Implementation:Run llama Llama index Pooling
| Knowledge Sources | |
|---|---|
| Domains | Embeddings, Pooling |
| Last Updated | 2026-02-11 19:00 GMT |
Overview
Defines the Pooling enum with CLS and MEAN pooling strategies for reducing token-level embedding tensors into fixed-size vectors.
Description
The Pooling class is a string enum that provides two pooling strategies commonly used in transformer-based embedding models:
- CLS ("cls"): Extracts the embedding from the first token (the [CLS] token). For 3D arrays (batch of sequences), it returns array[:, 0]. For 2D arrays (single sequence), it returns array[0].
- MEAN ("mean"): Computes the mean of all token embeddings. For 3D arrays, it averages along axis 1 (the sequence dimension). For 2D arrays, it averages along axis 0.

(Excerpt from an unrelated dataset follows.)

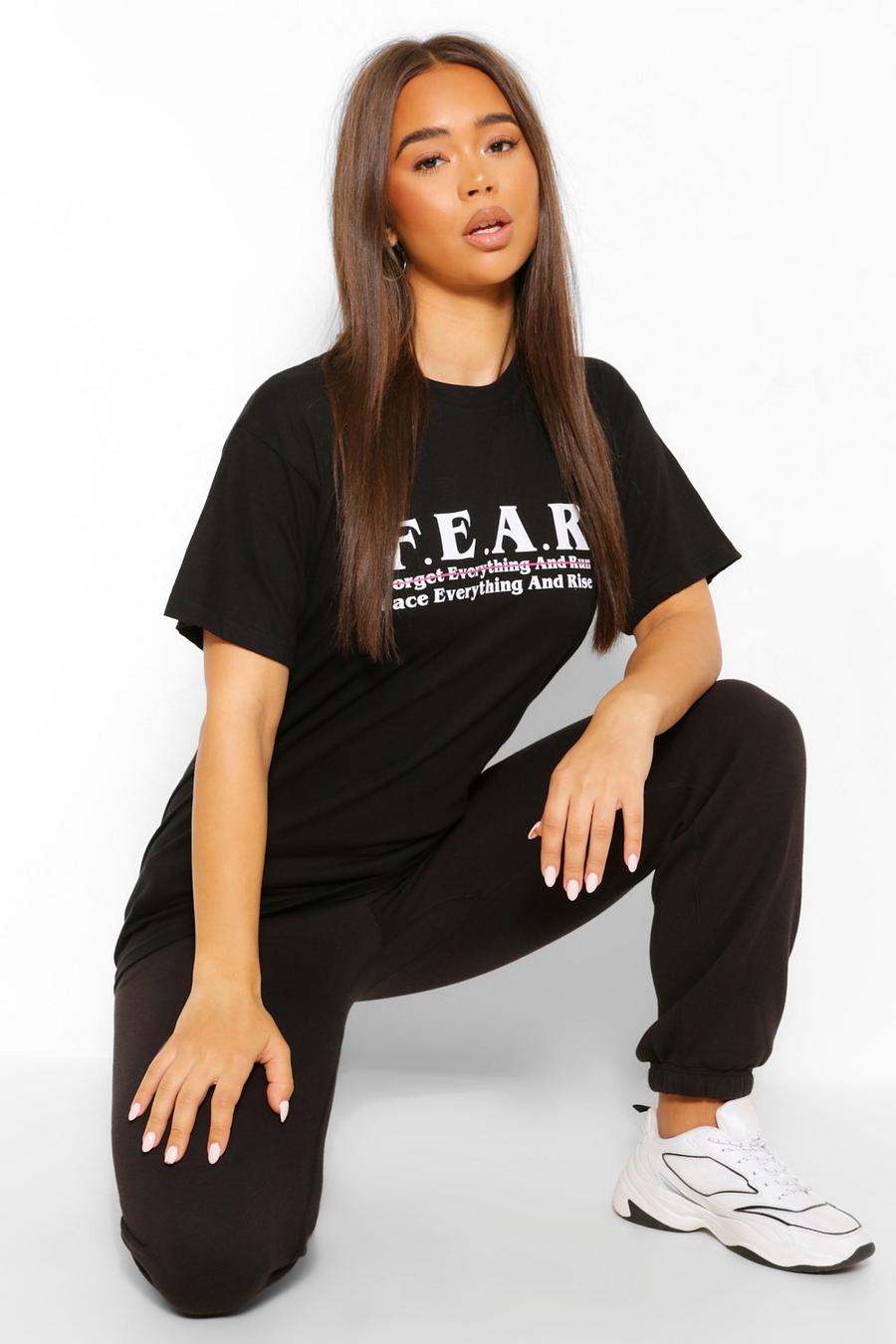 Black F.E.A.R T-shirt med grafiskt tryck image number 1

The enum is callable, meaning instances can be used directly as functions: calling Pooling.CLS(array) dispatches to cls_pooling and Pooling.MEAN(array) dispatches to mean_pooling. Both class methods support numpy.ndarray and torch.Tensor inputs through @overload type annotations. If an array with an unsupported number of dimensions is provided, a NotImplementedError is raised.
Usage
Use this enum when configuring or implementing embedding models that need to reduce variable-length token-level representations into fixed-size vectors. It is particularly useful when building custom embedding wrappers around HuggingFace or other transformer models where the pooling strategy is configurable.
Code Reference
Source Location
- Repository: Run_llama_Llama_index
- File: llama-index-core/llama_index/core/embeddings/pooling.py
Signature
class Pooling(str, Enum):
CLS = "cls"
MEAN = "mean"
def __call__(self, array: np.ndarray) -> np.ndarray: ...
@classmethod
def cls_pooling(cls, array: Union[np.ndarray, torch.Tensor]) -> Union[np.ndarray, torch.Tensor]: ...
@classmethod
def mean_pooling(cls, array: np.ndarray) -> np.ndarray: ...
Import
from llama_index.core.embeddings.pooling import Pooling
I/O Contract
Inputs
| Name | Type | Required | Description |
|---|---|---|---|
| array | np.ndarray or torch.Tensor | Yes | A 2D array (single sequence of token embeddings) or 3D array (batch of sequences of token embeddings). |
Outputs
| Name | Type | Description |
|---|---|---|
| result | np.ndarray or torch.Tensor | The pooled embedding: a 1D vector (from 2D input) or a 2D batch of vectors (from 3D input). |
Usage Examples
import numpy as np
from llama_index.core.embeddings.pooling import Pooling
# Token-level embeddings for a single sequence: (seq_len, embed_dim)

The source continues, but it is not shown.